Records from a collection

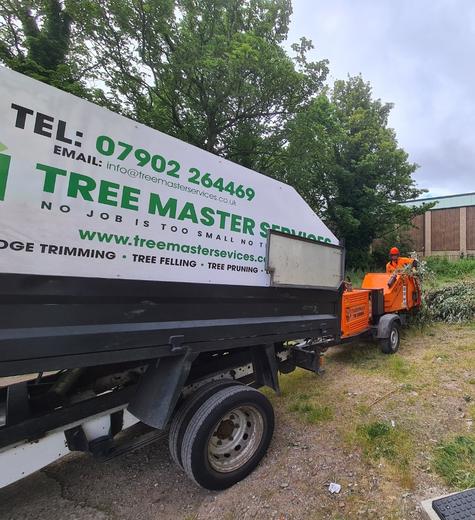 A large white trailer with tree surgery contact information on the side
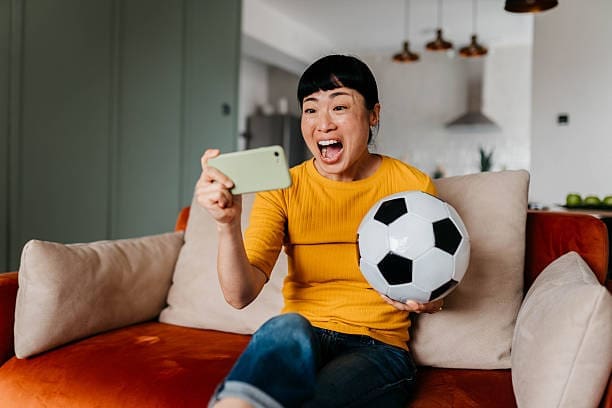 Multiracial woman celebrating a goal and using a smart phone in her living room Woman checking football fixtures on her phone at home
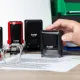 Hand greift nach einem Trodat-Stempel auf einem Schreibtisch mit Dokument und Brille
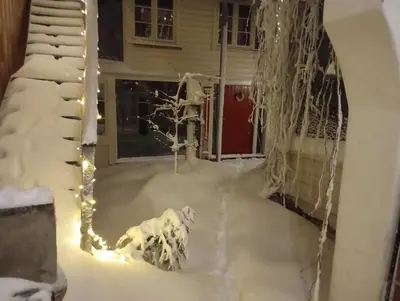 a yard covered in snow with a house at Nice two-floor home by Gamle bybro in Trondheim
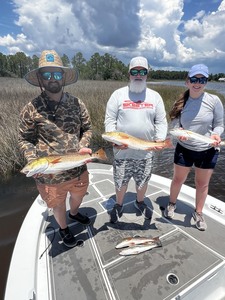 Double redfish delight in Milton's clearing skies!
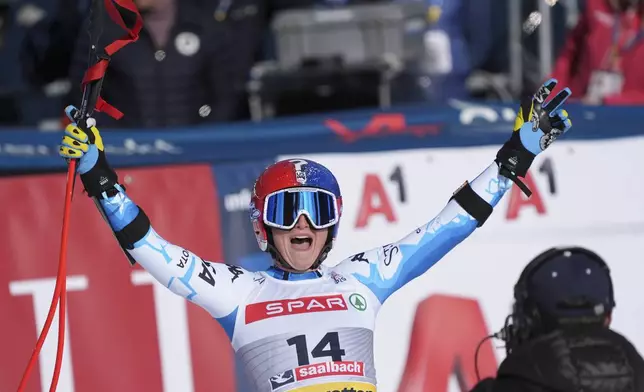 United States' Lauren Macuga celebrates at the finish area of a women's Super-G, at the Alpine Ski World Championships, in Saalbach-Hinterglemm, Austria, Thursday, Feb. 6, 2025. (AP Photo/Giovanni Auletta)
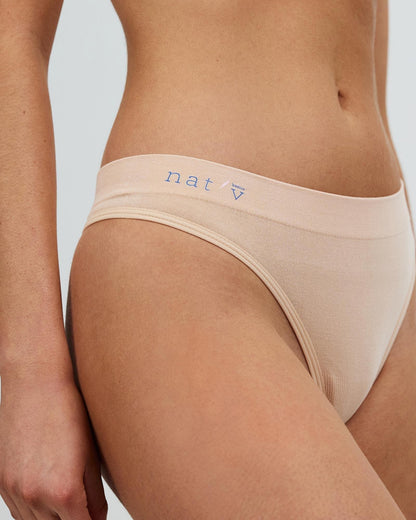 Bone cheeky G-string underwear with thin sides and elastic waistband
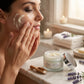 Woman applying cream to her face with a jar of cream on a marble surface.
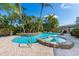 Backyard oasis with a sparkling pool, spa, and lush tropical landscaping at 6806 Palm Dr, Holmes Beach, FL 34217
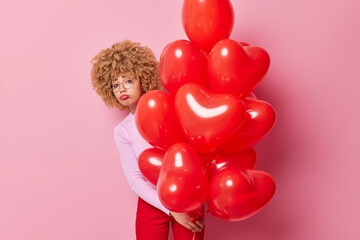 Wall Mural - Indoor shot of unhappy curly woman feels sad on Valentines Day frowns face has bad mood wears transparent eyeglasses jumper and trousers holds red inflated balloons isolated on pink background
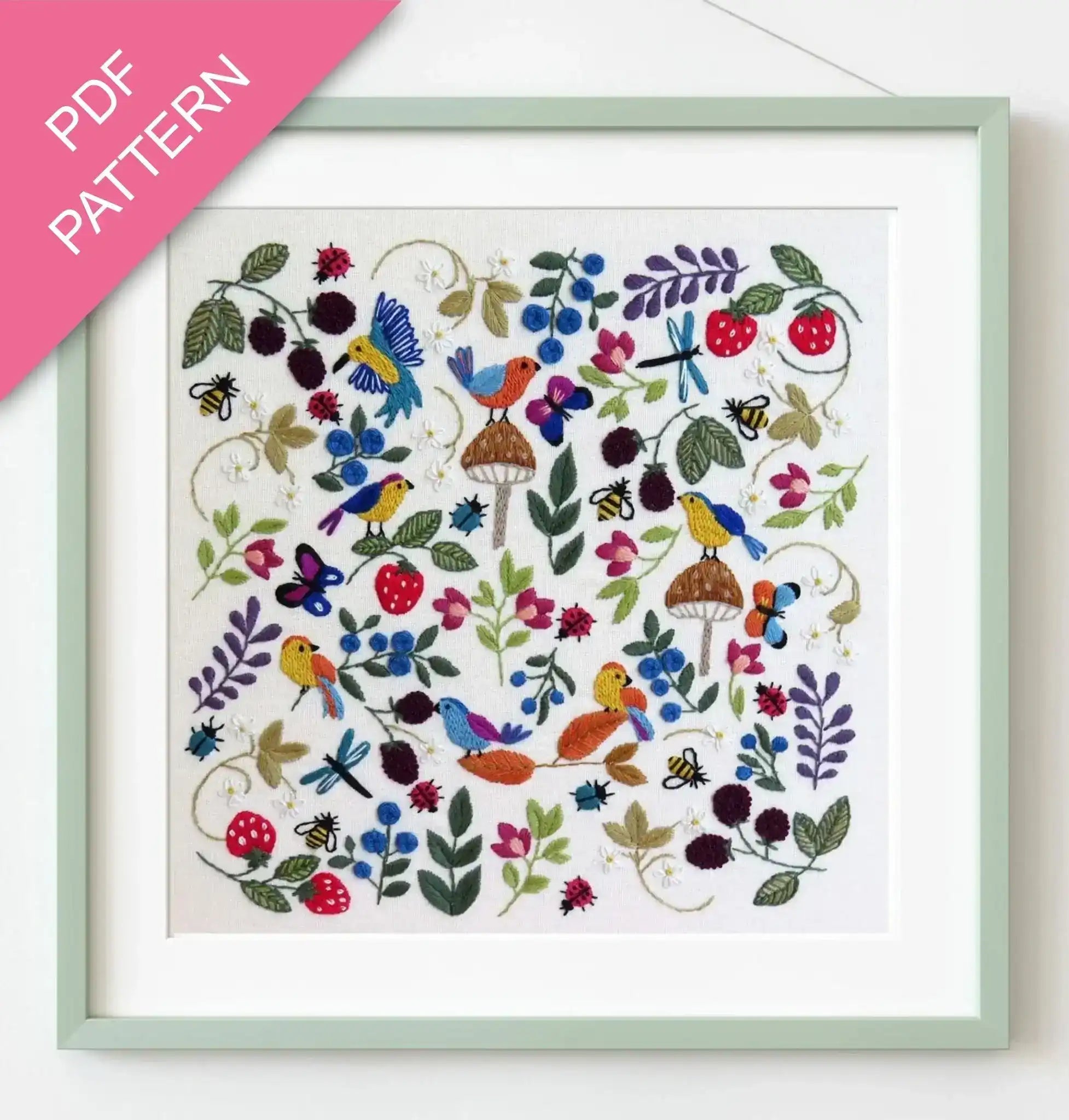 Embroidery pattern with colorful birds and flowers in a green frame.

Work item: Would you please print only the lines running from the one with "a yard covered" to the final line of the entries above, exactly as written and without pictures?

Response for this exercise:
 a yard covered in snow with a house at Nice two-floor home by Gamle bybro in Trondheim
 Double redfish delight in Milton's clearing skies!
 United States' Lauren Macuga celebrates at the finish area of a women's Super-G, at the Alpine Ski World Championships, in Saalbach-Hinterglemm, Austria, Thursday, Feb. 6, 2025. (AP Photo/Giovanni Auletta)
 Bone cheeky G-string underwear with thin sides and elastic waistband
 Woman applying cream to her face with a jar of cream on a marble surface.
 Backyard oasis with a sparkling pool, spa, and lush tropical landscaping at 6806 Palm Dr, Holmes Beach, FL 34217
 Wall Mural - Indoor shot of unhappy curly woman feels sad on Valentines Day frowns face has bad mood wears transparent eyeglasses jumper and trousers holds red inflated balloons isolated on pink background
 Embroidery pattern with colorful birds and flowers in a green frame.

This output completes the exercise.